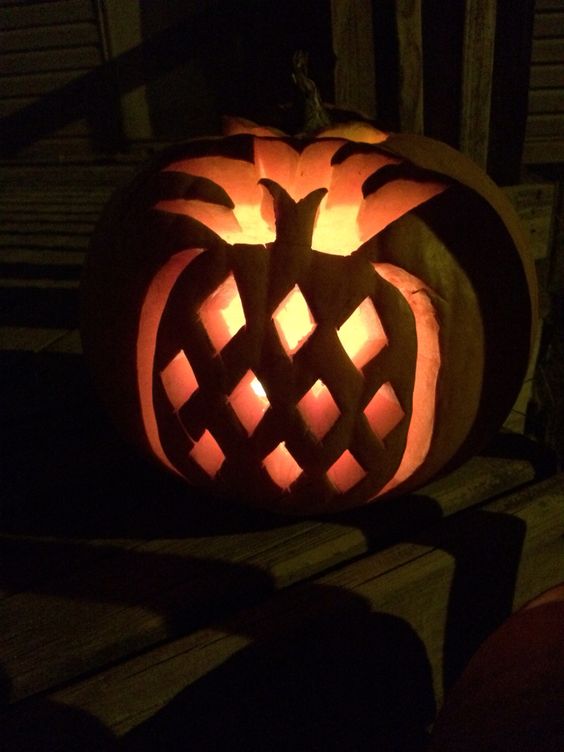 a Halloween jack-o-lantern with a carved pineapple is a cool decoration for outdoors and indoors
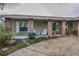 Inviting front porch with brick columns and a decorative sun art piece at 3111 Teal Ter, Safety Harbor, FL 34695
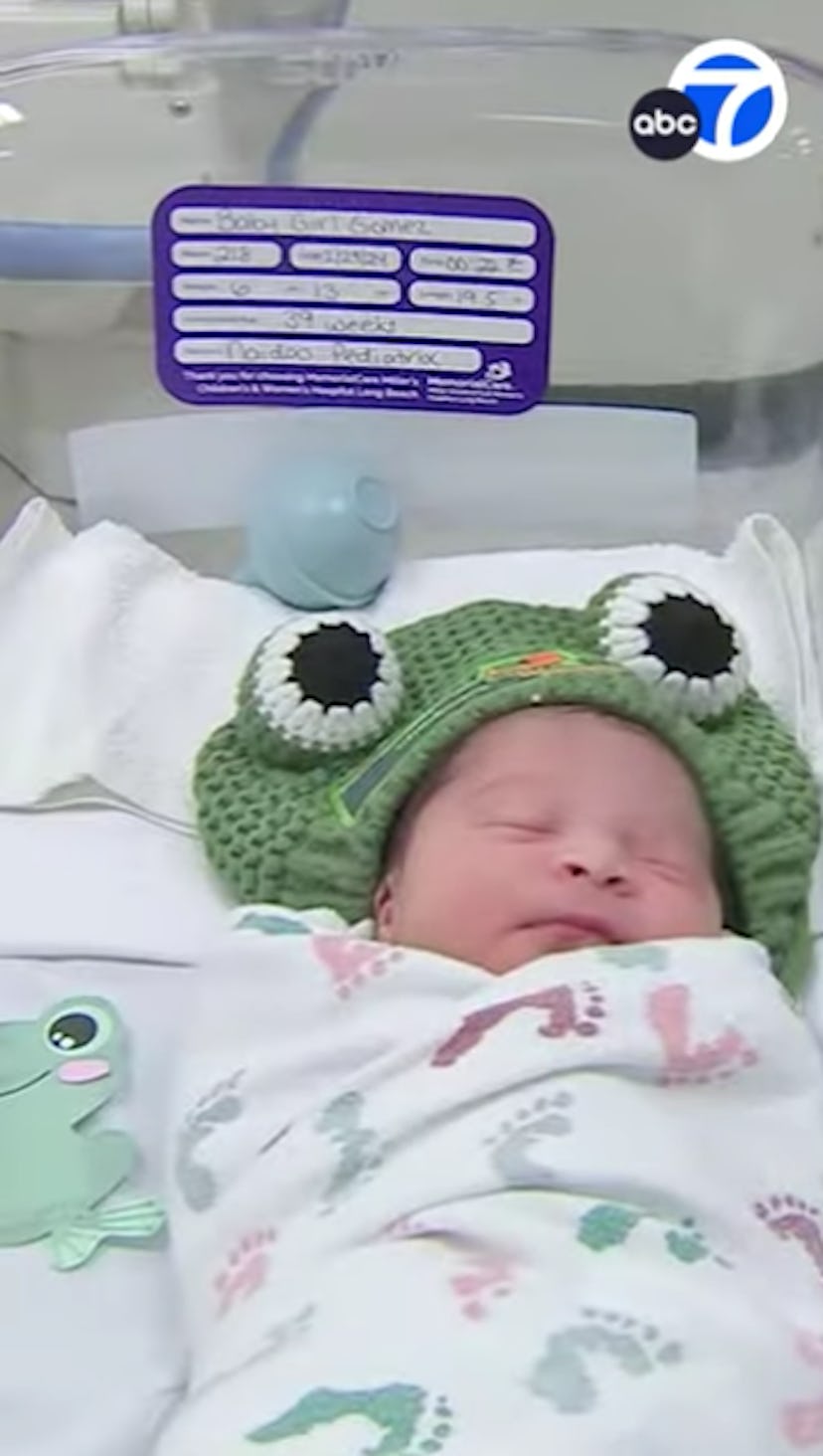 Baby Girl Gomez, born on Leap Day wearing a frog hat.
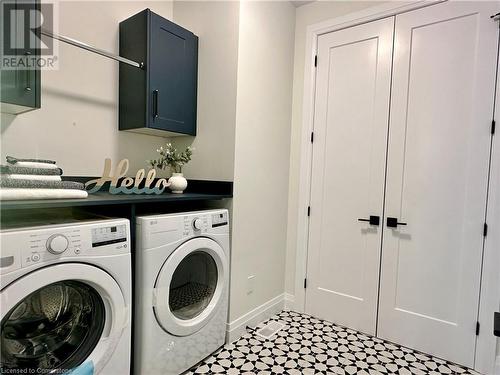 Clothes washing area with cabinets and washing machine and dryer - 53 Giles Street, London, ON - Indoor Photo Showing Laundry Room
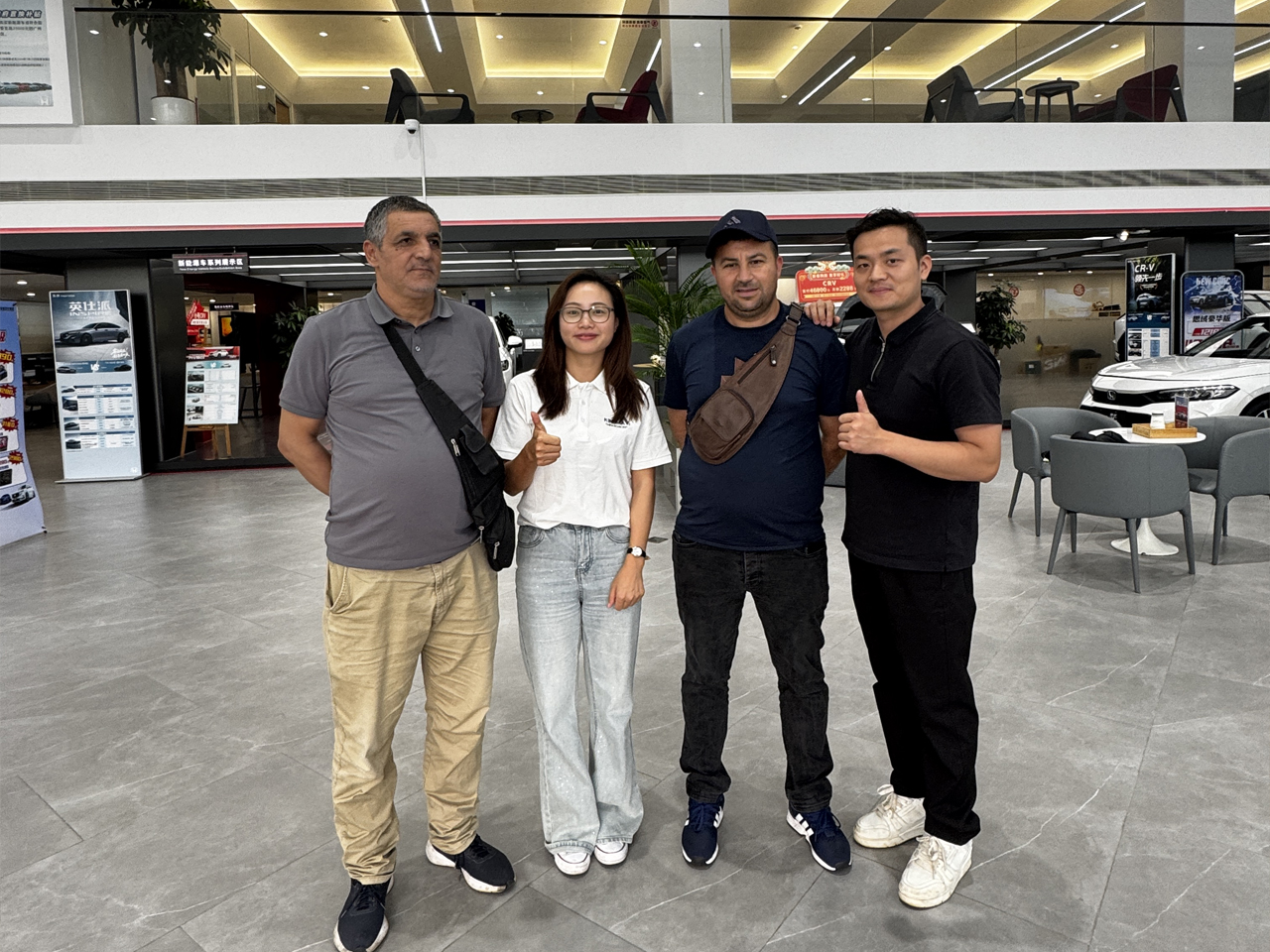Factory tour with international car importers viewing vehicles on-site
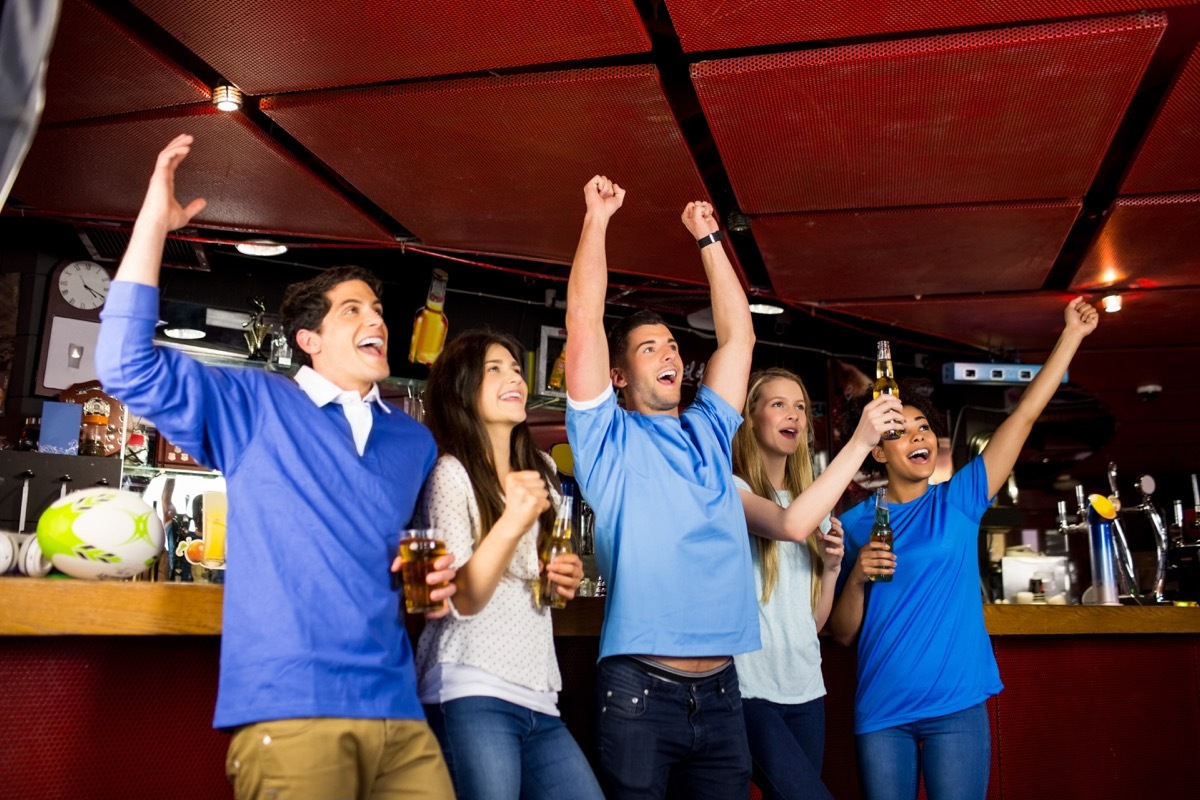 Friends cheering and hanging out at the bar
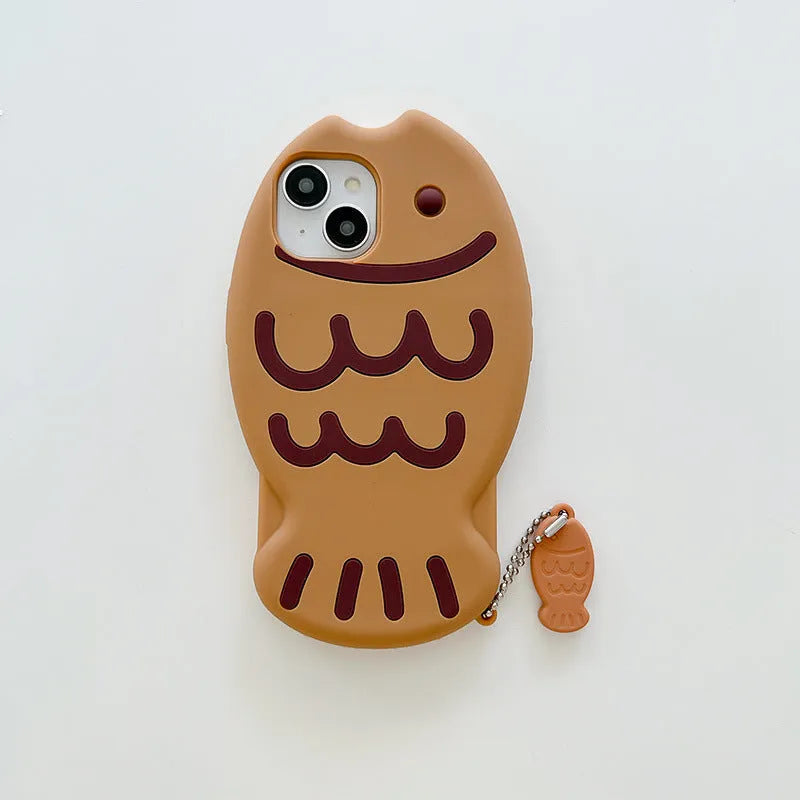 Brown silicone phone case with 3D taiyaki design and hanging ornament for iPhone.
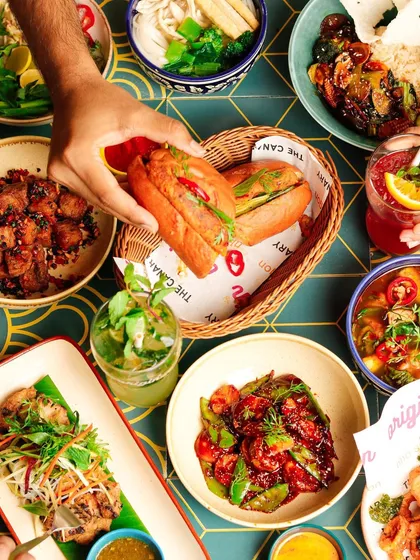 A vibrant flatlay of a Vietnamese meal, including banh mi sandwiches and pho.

§ **WHAT YOU HAVE TO DO**
Begin at the line containing "Baby Girl Gomez, born" and restate exactly every line through the end of the material, skipping the pictures.

§ **RESULT OF THE TASK**
 Baby Girl Gomez, born on Leap Day wearing a frog hat.
 Clothes washing area with cabinets and washing machine and dryer - 53 Giles Street, London, ON - Indoor Photo Showing Laundry Room
Factory tour with international car importers viewing vehicles on-site
 Friends cheering and hanging out at the bar
 Brown silicone phone case with 3D taiyaki design and hanging ornament for iPhone.
 A vibrant flatlay of a Vietnamese meal, including banh mi sandwiches and pho.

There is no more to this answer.